Last April, when an embargo on the thesis had been lifted, the council called on the university to revoke the degree because of what it regarded as the thesis's bad scholarship. The university set up an independent working party to look into the awarding of an MA to Joel Hayward, based on the 360-page thesis titled The Fate of Jews in German Hands: An Historical Inquiry into the Development and Significance of Holocaust Revisionism .

The working party's report, made public late last year, found that the thesis was seriously flawed and that it demonstrated faulty research and lack of judgement. They concluded that it did not deserve the first-class honours it was awarded. The report questioned the quality of the supervision and the practice of appointing the supervisor as an internal examiner. It also said that the thesis should have been revised and resubmitted.

However, based on legal opinion, the report said that the degree could not be downgraded or revoked because there was no evidence of dishonest practice in the use of research.
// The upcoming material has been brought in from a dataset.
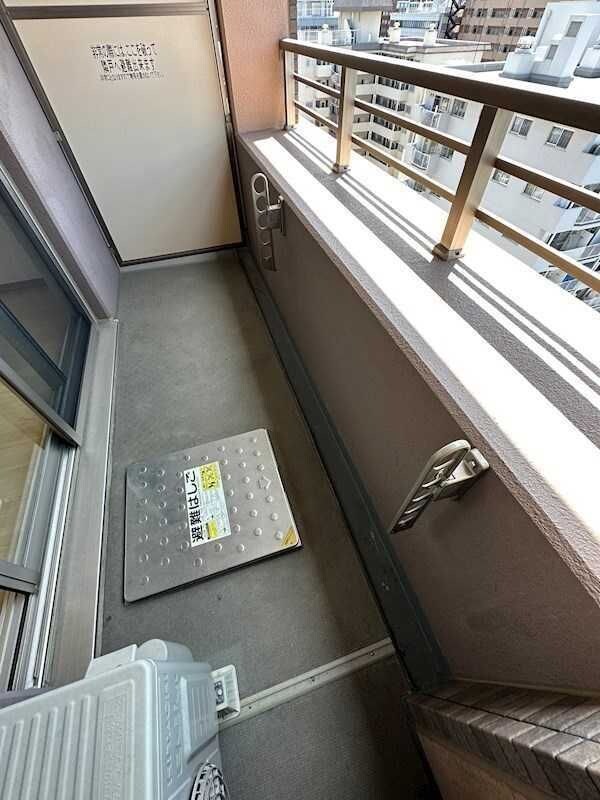 ベランダ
The university adopted the report's recommendations and has apologised unreservedly to the Jewish Council and the Jewish community.
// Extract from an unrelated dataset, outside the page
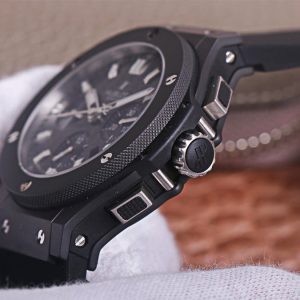 Hublot Big Bang 301.PB.131.RX. 1:1 Superclone( black timer Hublot) - Image 6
Daryl Le Grew, vice-chancellor of the university, said: "The university agrees it should not have accepted the thesis towards an MA without far more scrutiny... Had the thesis been put forward today, it would have been subjected to improved departmental and university processes."
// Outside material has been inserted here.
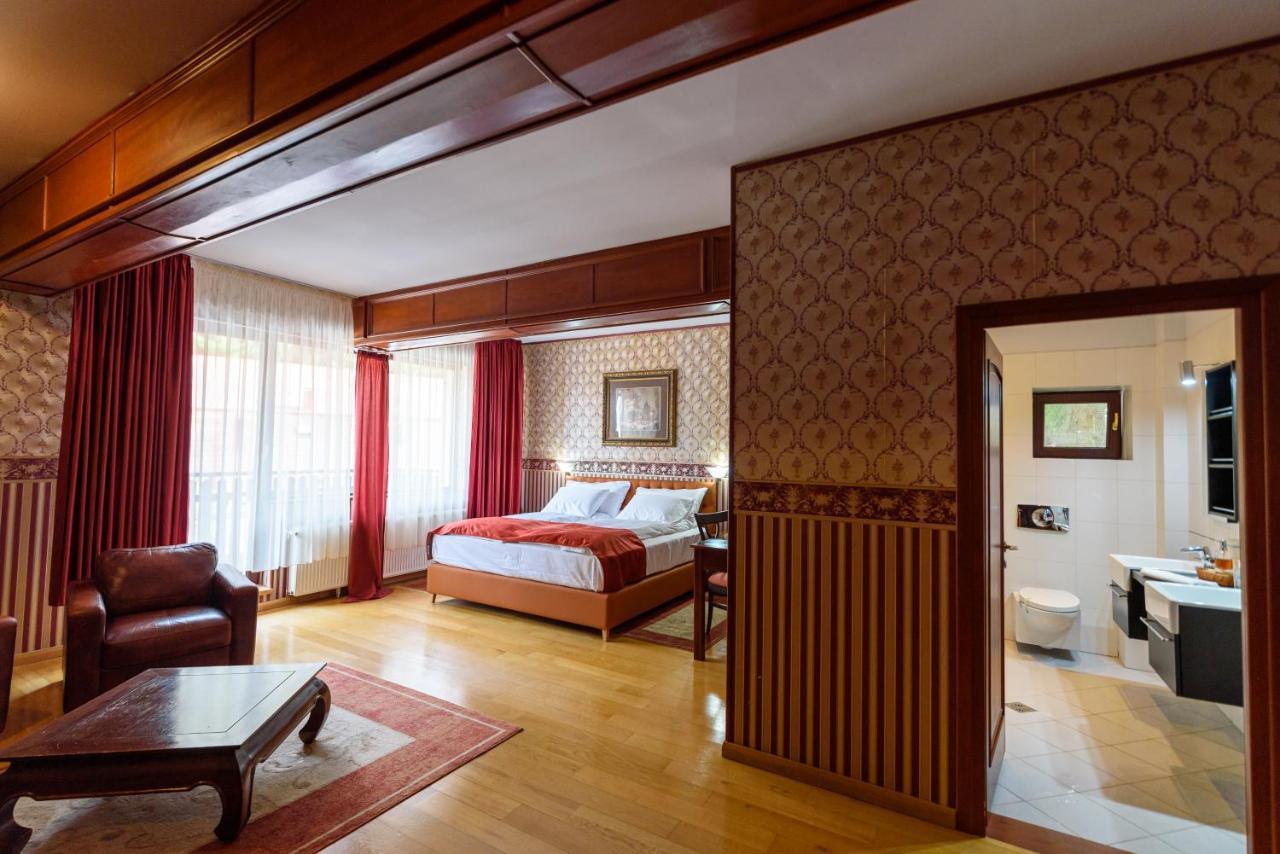 Boutique Hotel Casa Emil Poiana Brașov Exterior foto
But Professor Le Grew added that because the thesis was not found to be dishonest, "neither the thesis nor the degree can be amended, removed, downgraded or altered".

Instead, the university has agreed that the working party report would be bound with the thesis - still available to researchers - so that the two documents are read in tandem.

That has failed to satisfy the New Zealand Jewish Council. Its president, David Zwartz, said that while he accepted the apology, the university had not gone far enough. The conclusions of the thesis denied historical truth.

"As it stands, the thesis still has its first-class MA honours qualification attached to it. We don't find that satisfactory after what the working party said about the quality of the thesis and the quality of the supervision. We think the university has not done the right thing by allowing the degree to stand," he said.

He added that there was still a lot of anger towards the university among members of the Jewish community, particularly Holocaust survivors.

Dr Hayward - who has since completed a PhD from Canterbury on a different topic and now lectures in defence and strategic studies at Massey University - has admitted that his research was inadequate and his conclusions wrong. He has apologised to the Jewish community.

In December 1999, he asked the university to withdraw the thesis from the library, but the university declined. However, at the university's invitation, he wrote an addendum, now attached to the thesis, in which he acknowledges errors of fact and interpretation.

"My thesis represents an honest attempt on my part to make sense of events I wanted to understand better. Yet I now regret working on such a complex topic without sufficient knowledge and preparation, and hope this brief addendum will prevent my work causing distress to the Jewish community here in New Zealand and elsewhere, or being misused by individuals or groups with malevolent motives," he concludes in the addendum.

Professor Le Grew said the university did not support Holocaust revisionism and did not harbour anti-Semitic feeling - a point supported by the report.

As recommended by the report, the university was exploring with the Jewish Council ways in which it could increase Holocaust awareness.